Saturday, May 26, 2012 A Finished Fence, An Untold Story, and Crazy at the Mall

Marissa invited me on her 6:30 run to the top of the main bridge and back; the last three blocks home I start to fade and she makes me look like an old man. This morning Chad prays for the leaders at the kasetsu (pl) we met yesterday. Jonathan talks about the Sabbath, the Jubilee in the Leviticus Ch. 25, and Jesus' teaching of forgiveness in Matthew 18. He suggests that returning the land to the original owner, leaving it fallow, freeing the slaves, forgiveness, restoration, reconciliation, and rest are all related principles with a powerful message: release from "bondage" is possible and starting afresh is possible. He prays about how we are seeing through this tragedy, that people are learning to be more open and trusting, more genuine and dependent on each other.

Eric prays that we would let go of the idea that this is a puzzle that we have to solve, but that we would place all of our "stuff" in God's hands and simply let him use us today.

We finally head back to the oyster farm where I see that Cody and my efforts on the sign post base have resulted in the retreat sign set back in its place. Someone says it translates to "take it easy."
We load a stack of fence rails on the truck and Jonathan gives us the outline of the tasks and tools we have to finish the job.
Instead of assigning jobs, he show how the bolts should go and lets us kind of randomly grab tools and trip over each other for the first few minutes,
until amazingly a system comes together and while not exactly a surgical team, we've got a system, and you hear "drill," "sledge hammer," "stain," "need a 255mm bolt," and we're gettin' it done.
Josiah came along and he's pitching in, and Maria tries her hand at all the tools and says a photo will show her family that she's really getting dirty today.
Mike gets us going while we're eating lunch on the sea wall with "why do the fishermen fish this way?" (so they get bigger mussels) and "what do you call a oysterman who keeps his catch to himself?" (shellfish).
Eric chimes in with "what do you call someone who steps right off into the water?" (without a pier/peer).

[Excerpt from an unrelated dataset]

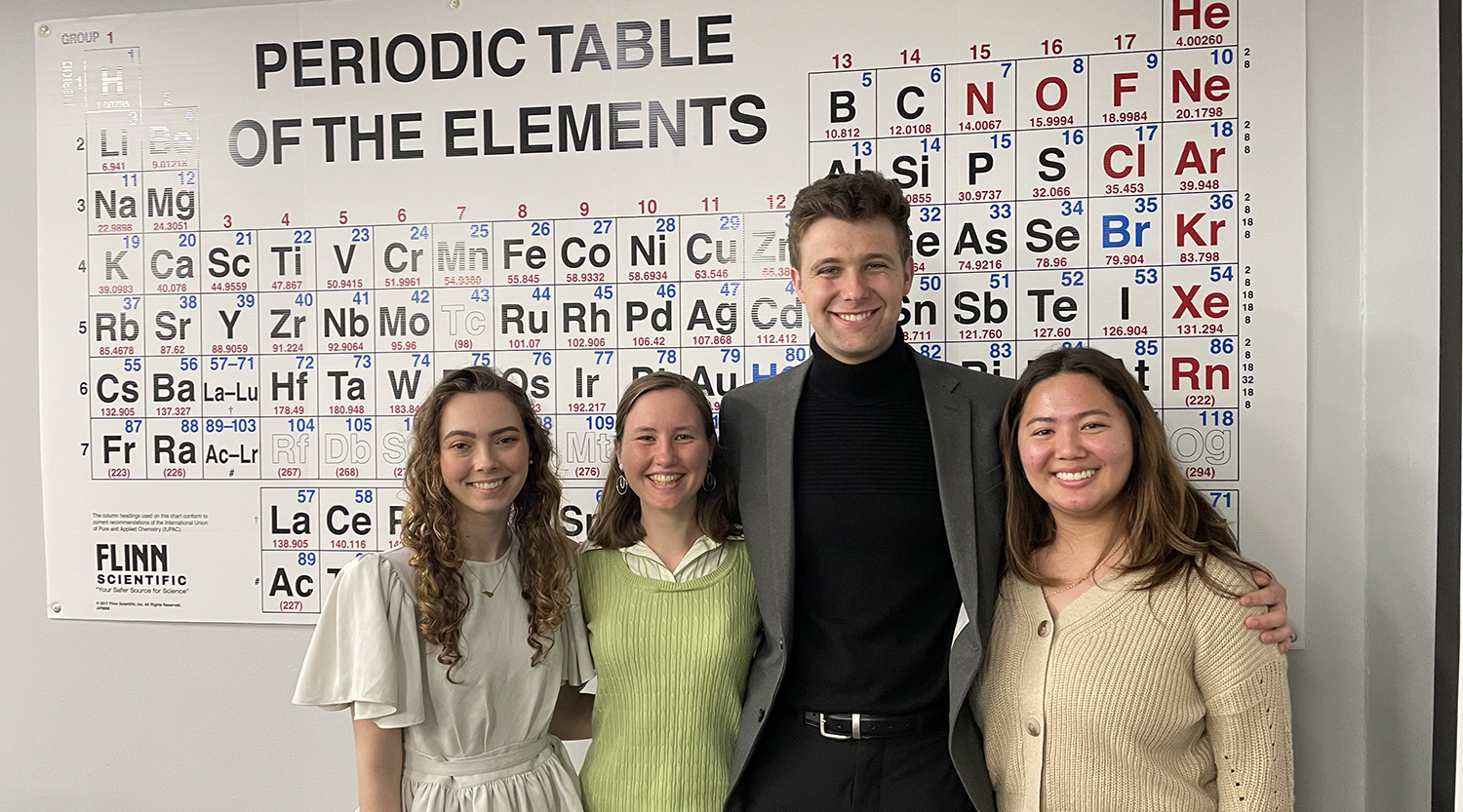 Chemistry Honors Students during their thesis presentation with the periodic table in the background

Done! And as we're leaving sakashita-fusai (Mr. and Mrs.) approach the dock in their boat and we get out to say goodbye.
She asks me if I learned any Japanese words during my stay and I say "makudonarudo" (McDonalds). (Mr.) sakashita-san is smiling, but he tells Jonathan in kind of an aside, "harder than you thought it would be, huh?"

On the drive back to Ishinomaki, I remark to Jonathan that while in the US we have heavy concrete "k-rails" to protect the road workers, here there are just plastic supports with horizontal metal poles--no protection from an out-of-control vehicle.
But I guess it's the visual warning they're going for.

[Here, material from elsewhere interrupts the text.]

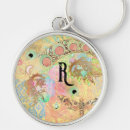 Search for moths key rings Bohemian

Each section in the rice fields seems to have its own egret. We're treated to the sight of white wings spread wide before touchdown. (Couldn't get the shot from the moving car, so borrowed one from stock pictures.)
Jonathan tells about how his father-in-law, a non-believing newspaper executive, was down from Hokkaido for Easter, heard the speaker and wasn't impressed. But he said this, these volunteers who keep coming and all the donations, this story needs to be told. He said the foreign workers, especially Christians, have almost no exposure in the Japanese media. So Jonathan tells him, well, do something about it. Jonathan tells me over 1000 volunteers, and through BeOne, Helping Hands, and the White's Ferry Road church, over 2 million dollars, have passed just through this one small ministry in one small area. And multiply that by all the other aid missions.

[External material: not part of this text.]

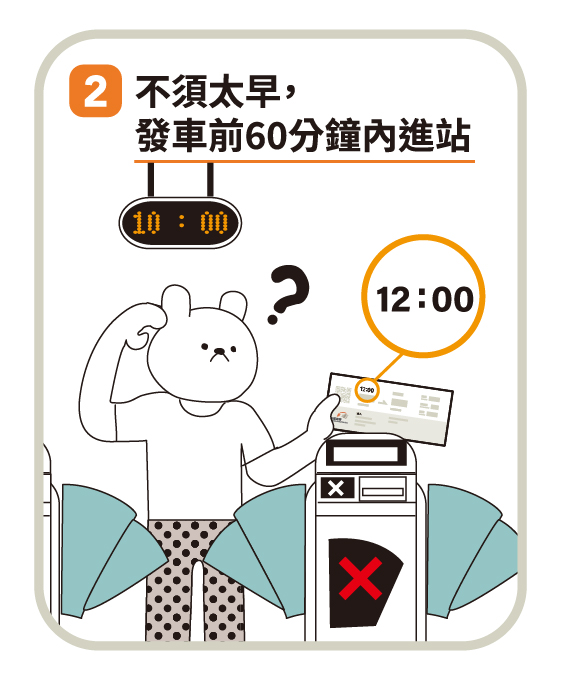 2.不需太早，發車前60分鐘內進站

The Let's Start Talking get acquainted coffee at the guest house is just breaking up and neighbors are talking and milling around outside; there were about 20 guests. Someone's sitting in the window just enjoying the beautiful afternoon. I say hi to the obaasan across the street and I thinks she's telling me that she has never left Japan so I ask Chad to translate and he says actually she's been to 6 countries including Paris, but doesn't travel that far anymore because her daughter worries, so now she just visits all the famous hot springs/onsen(s) all over Japan.

Mike and Kioshi invite the LST teachers and me and an adult student named ueshima-san to the mall for dinner and when we get there,
they're having way too much fun making bad jokes and on the way home we're holding our breath through the tunnels.